Innanzitutto cosa implica essere leali a qualcuno? Si tratta di un patto implicito o esplicito che ci vincola a stare dalla sua parte, a qualunque costo e qualsiasi cosa accada. Questo significa che gli siamo leali anche se compie delle azioni senza senso, o dannose per se stesso e per gli altri. Potremmo quindi arrivare a diventare leali complici di un omicidio, così come fidati membri di un’alleanza geopolitica a fini bellici, o anche efferati soldati che “hanno solamente obbedito a degli ordini”. È evidente che la lealtà così intesa è solo un’espressione di schieramento del tutto arbitraria. Se davanti a noi avessimo un leader in grado di muoversi con intelligenza, non avremmo bisogno di stipulare un patto che ci vincoli, perché sarebbe naturale stare al suo fianco.

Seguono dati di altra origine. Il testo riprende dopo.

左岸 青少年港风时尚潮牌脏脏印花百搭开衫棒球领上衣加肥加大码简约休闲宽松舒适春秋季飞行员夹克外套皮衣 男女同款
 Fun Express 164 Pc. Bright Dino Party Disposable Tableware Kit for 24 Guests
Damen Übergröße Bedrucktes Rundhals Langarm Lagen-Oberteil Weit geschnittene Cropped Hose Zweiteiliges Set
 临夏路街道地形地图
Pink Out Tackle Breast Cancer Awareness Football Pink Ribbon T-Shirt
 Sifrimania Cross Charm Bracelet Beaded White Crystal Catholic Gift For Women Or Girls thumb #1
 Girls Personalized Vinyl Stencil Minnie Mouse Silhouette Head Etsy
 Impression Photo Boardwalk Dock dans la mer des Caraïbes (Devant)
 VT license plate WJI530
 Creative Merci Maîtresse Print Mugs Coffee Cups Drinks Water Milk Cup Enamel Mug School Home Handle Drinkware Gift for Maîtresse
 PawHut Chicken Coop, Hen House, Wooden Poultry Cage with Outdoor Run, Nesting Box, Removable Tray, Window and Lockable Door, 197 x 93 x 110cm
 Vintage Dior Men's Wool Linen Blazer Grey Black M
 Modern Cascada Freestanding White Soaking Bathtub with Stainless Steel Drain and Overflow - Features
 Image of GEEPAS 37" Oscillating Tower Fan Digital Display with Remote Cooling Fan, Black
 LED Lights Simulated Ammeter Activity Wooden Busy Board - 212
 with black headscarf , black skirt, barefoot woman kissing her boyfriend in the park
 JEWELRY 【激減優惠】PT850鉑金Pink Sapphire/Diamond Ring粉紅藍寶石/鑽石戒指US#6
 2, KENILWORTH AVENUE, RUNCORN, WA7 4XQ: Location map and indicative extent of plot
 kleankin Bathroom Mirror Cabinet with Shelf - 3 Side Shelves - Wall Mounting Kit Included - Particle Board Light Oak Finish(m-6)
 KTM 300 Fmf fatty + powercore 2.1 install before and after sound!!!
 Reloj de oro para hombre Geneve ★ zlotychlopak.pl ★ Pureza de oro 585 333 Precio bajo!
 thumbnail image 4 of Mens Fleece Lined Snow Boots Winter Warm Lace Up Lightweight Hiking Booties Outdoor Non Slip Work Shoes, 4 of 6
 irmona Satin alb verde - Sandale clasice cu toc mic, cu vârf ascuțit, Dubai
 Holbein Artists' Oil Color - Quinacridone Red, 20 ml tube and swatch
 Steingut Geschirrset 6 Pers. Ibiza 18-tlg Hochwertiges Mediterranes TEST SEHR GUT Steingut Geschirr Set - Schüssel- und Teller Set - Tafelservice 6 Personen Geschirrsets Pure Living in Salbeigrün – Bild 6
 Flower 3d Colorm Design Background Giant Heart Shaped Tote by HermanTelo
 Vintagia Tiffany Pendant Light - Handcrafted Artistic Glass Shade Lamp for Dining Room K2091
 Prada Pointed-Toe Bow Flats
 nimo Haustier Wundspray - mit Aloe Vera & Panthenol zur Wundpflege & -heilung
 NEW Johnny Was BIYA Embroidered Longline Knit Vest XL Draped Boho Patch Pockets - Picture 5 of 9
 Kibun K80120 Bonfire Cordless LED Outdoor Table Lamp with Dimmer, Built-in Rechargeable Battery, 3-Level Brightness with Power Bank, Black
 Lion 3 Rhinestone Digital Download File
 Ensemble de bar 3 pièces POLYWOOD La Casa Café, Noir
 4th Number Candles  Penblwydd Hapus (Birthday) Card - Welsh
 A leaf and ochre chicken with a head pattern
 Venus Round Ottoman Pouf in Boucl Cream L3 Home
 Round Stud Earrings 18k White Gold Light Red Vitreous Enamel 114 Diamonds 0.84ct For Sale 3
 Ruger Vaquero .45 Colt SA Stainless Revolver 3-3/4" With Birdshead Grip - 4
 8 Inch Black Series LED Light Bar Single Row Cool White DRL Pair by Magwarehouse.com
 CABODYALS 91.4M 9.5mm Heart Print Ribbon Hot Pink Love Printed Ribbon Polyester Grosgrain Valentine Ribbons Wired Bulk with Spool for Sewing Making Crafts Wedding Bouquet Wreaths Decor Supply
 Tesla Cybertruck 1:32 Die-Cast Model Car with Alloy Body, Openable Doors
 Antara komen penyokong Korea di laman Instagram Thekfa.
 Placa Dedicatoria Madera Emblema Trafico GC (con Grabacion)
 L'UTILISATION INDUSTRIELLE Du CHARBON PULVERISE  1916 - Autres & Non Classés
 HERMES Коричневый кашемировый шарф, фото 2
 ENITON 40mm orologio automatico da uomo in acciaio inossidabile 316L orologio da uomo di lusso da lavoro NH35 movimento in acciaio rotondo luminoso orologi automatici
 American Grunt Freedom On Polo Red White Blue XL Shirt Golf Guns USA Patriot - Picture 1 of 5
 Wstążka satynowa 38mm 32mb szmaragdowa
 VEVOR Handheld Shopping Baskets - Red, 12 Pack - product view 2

Essere leali ha anche l’accezione di “giocare seguendo le regole”. Il modello di conformità in cui siamo immersi, e che si riflette interiormente nell’azione del principio egoista, valuta positivamente il rispetto di norme e standard prestabiliti. Lo rileviamo nella necessità sociale di un sistema legislativo, ma anche attraverso scenari più semplici, come una partita di calcio in televisione. In molti casi, il gioco di squadra e l’abilità dei giocatori entrano in secondo piano rispetto alle irregolarità calcistiche; spesso l’ago della bilancia di una partita sono proprio i falli, i rigori, le ammonizioni ed espulsioni. Quando assistiamo a una competizione calcistica, siamo facilmente soggetti a farci perturbare, e a identificarci nel ruolo di un severo arbitro. Siamo infatti tanto inflessibili fuori, nella nostra parte variabile, quanto e perché lo siamo interiormente, a causa dell’influenza dell’egoista, tranne che per ciò che ci fa comodo. Possiamo appunto immaginare questo ente come una sorta di arbitro estremamente reattivo, sempre pronto ad ammonirci per ogni azione o pensiero che non rientri nelle sue regole, e compiacente per ciò che invece vi rientra.

Attenendoci a essere dei perfetti esecutori di regole, stiamo però limitando la crescita del nostro orizzonte d’esperienza, che si espande quando sperimentiamo nuove sfide. Se pensiamo invece al comportamento dei bambini, ad esempio quando si sfidano a una gara improvvisata “a chi arriva per primo”, osserviamo che si attivano per vincere e ottenere un risultato, in una forma che il principio egoista potrebbe anche definire sleale. Il modo in cui si muovono i bambini per raggiungere uno scopo, ci insegna che per affrontare qualcosa di nuovo e ignoto ed evolvere, occorre adattarsi alle circostanze, scoprendo innovative modalità di interazione con gli oggetti, e utilizzando dunque l’intelligenza.